In figure~\ref{fig:fourier_concepts} we've written an input signal of length $128$ on the standard basis, and on the Fourier basis (simplified, for illustrational purposes). We see that this signal is better expressed in the Fourier domain, as we only need three coefficients instead of all $128$.
\todo{
fig:fourier\_concepts
spelling out a sum of basis elements in both domains
}
We see that we might even do compression based on the Fourier coefficients. Instead of sending all samples, we just only a few coefficients from which we are able to approximate the original input. However there is a shortcoming to this. Consider the following scenario. A sensor on Mars detects a signal, transforms it and sends the coefficients to earth. During the transmission one of the coefficients is corrupted. This results in a wave across the whole signal. The error is \emph{non-local}. If, however, we decided to send the original samples, a corrupted sample would only affect a small part of the signal, i.e. the error is \emph{local}. This is illustrated in figure~\ref{fig:fourier_error}.
\todo{
fig:fourier\_error
add $0.5 * e_10$ and $0.5 * f_10$ to both signals
}
\subsection{The simplest wavelet transform}
At the heart of the Fourier transform is the choice of the basis elements $f_i$. With a bit of creativity we can cook up different basis elements with different properties. To illustrate this we will have a quick look at the so-called ``Haar wavelets''. In our case where $n=128$ we can define the following $128$ elements:
$$ h_0 = \sum_{i=1}^{128} e_i,
h_1 = \sum_{i=1}^{64} e_i - \sum_{i=65}^{128} e_i,
h_2 = \sum_{i=1}^{32} e_i - \sum_{i=33}^{64} e_i,
h_2 = \sum_{i=65}^{96} e_i - \sum_{i=97}^{128} e_i, \ldots,
h_{2^n + j} = \sum_{i=2^{6-n}j+1}^{2^{6-n}(j+1)} e_i - \sum_{i=2^{6-n}(j+1)+1}^{2^{6-n}(j+2)} e_i (j < 2^n) $$
We will refer to these elements as \emph{Haar wavelets}. To give a better feeling of these wavelets, they are plotted in figure~\ref{fig:haar_waveleta} on the standard basis. There is also an effective way to write an element written in the standard basis on this new basis, this is the Haar wavelet transform. Again our example can be written on this new basis, and again we see that the first coefficient already approximates the signal and that the other coefficients refine it.

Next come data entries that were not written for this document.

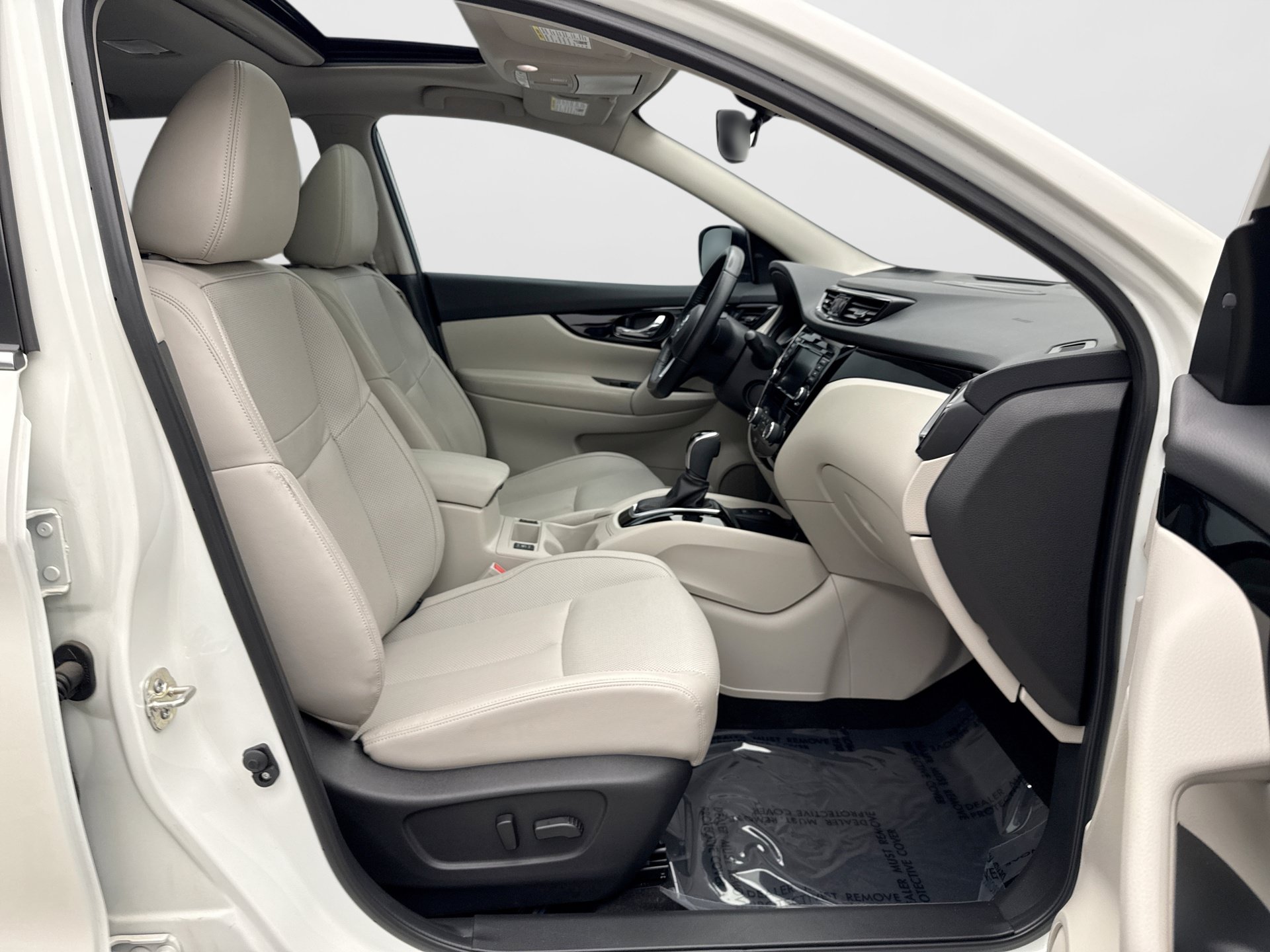 Used 2022 Nissan Rogue Sport SL w/ Premium Package FWD image 9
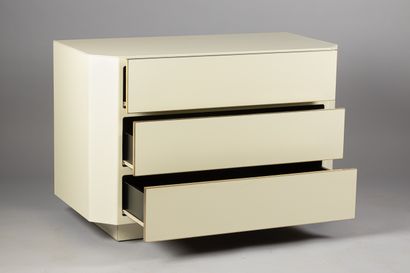 WORK IN THE STYLE OF JC MAHEY
Chest of drawers...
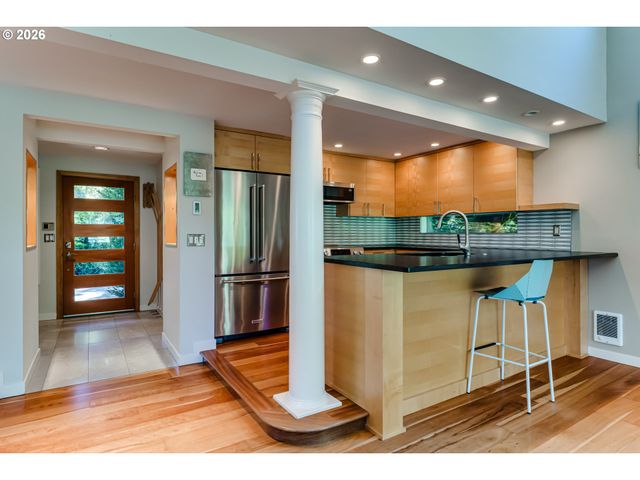38 RIDGELINE Dr, Eugene, OR 97405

To go back to our problem of noise, if we add $0.5*h_9$ (there is a shift of indices) to this signal, only a small part of the signal is disturbed as shown in figure~\ref{fig:haar_error}.
Another important difference is the way these basis elements can represent signals. With the Fourier basis elements we can easily approximate smooth signals, but with the Haar basis elements this is much harder. However representing a piecewise constant signal is easier with the Haar wavelets. In photography the latter is preferred, as edges are very common (think of branches of a tree against a clear sky or hard edges of a building). So depending on the application this \emph{non-smoothness} is either good or bad.